*Records to use*
= = = = =

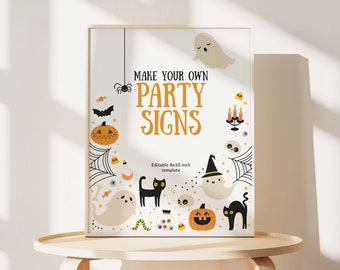 Puede incluir: Una plantilla imprimible de 20,3 x 25,4 cm para hacer tus propios carteles de fiesta de Halloween. La plantilla presenta una variedad de lindos iconos de Halloween, que incluyen fantasmas, calabazas, murciélagos, arañas y maíz dulce.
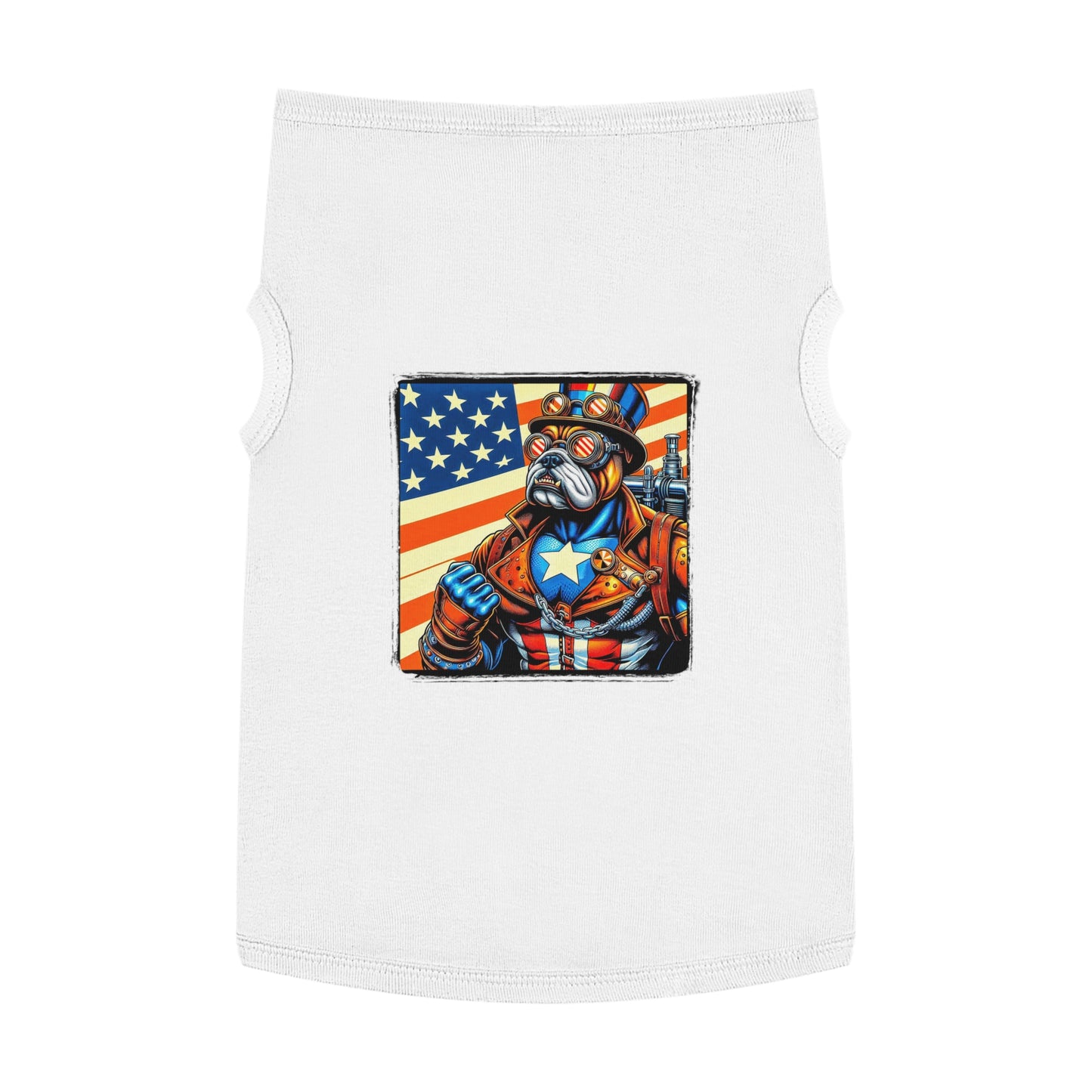 Pet Tank Top Bulldog American steampunk t shirt Pets Printify XL White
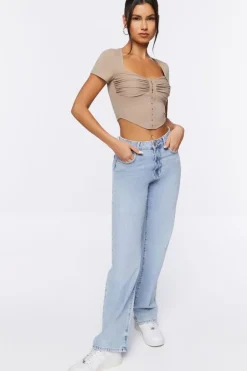 Ruched Rib-Knit Crop Top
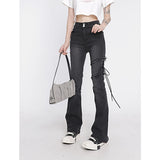 yipinpay Kleidung Flare Jeans Schwarz Schnürung Hohe Taille Stretchy Selbst Anbau Vintage Casual Baggy Damen Denim Hosen Sommer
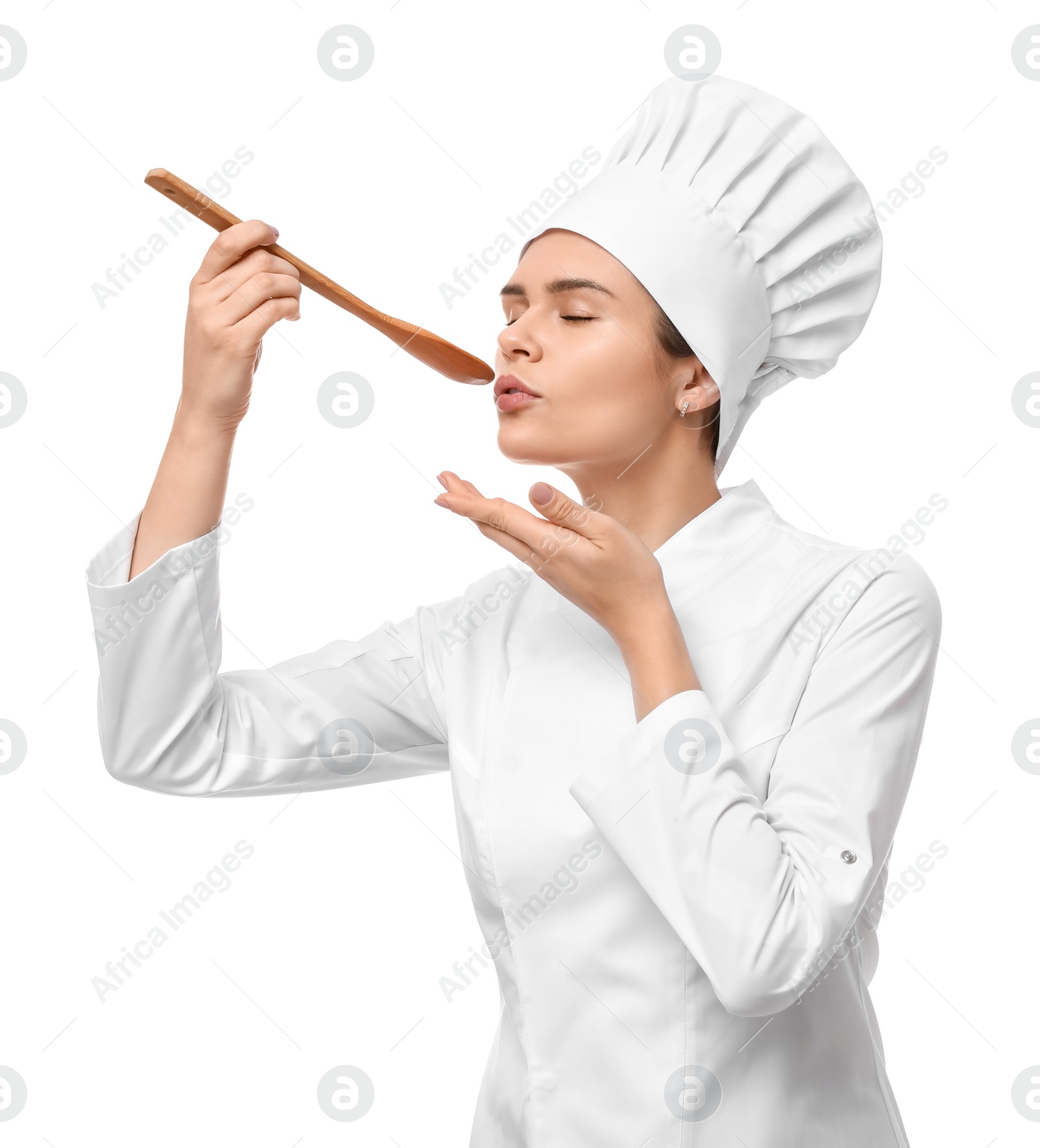 Photo of Happy female chef tasting something on white background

= = = = =

*Required work*
Every line from the one with "yipinpay Kleidung Flare" to the end of the records above should be restated word for word, and no picture belongs in the copy.

*Result of this exercise*
 yipinpay Kleidung Flare Jeans Schwarz Schnürung Hohe Taille Stretchy Selbst Anbau Vintage Casual Baggy Damen Denim Hosen Sommer
 Photo of Happy female chef tasting something on white background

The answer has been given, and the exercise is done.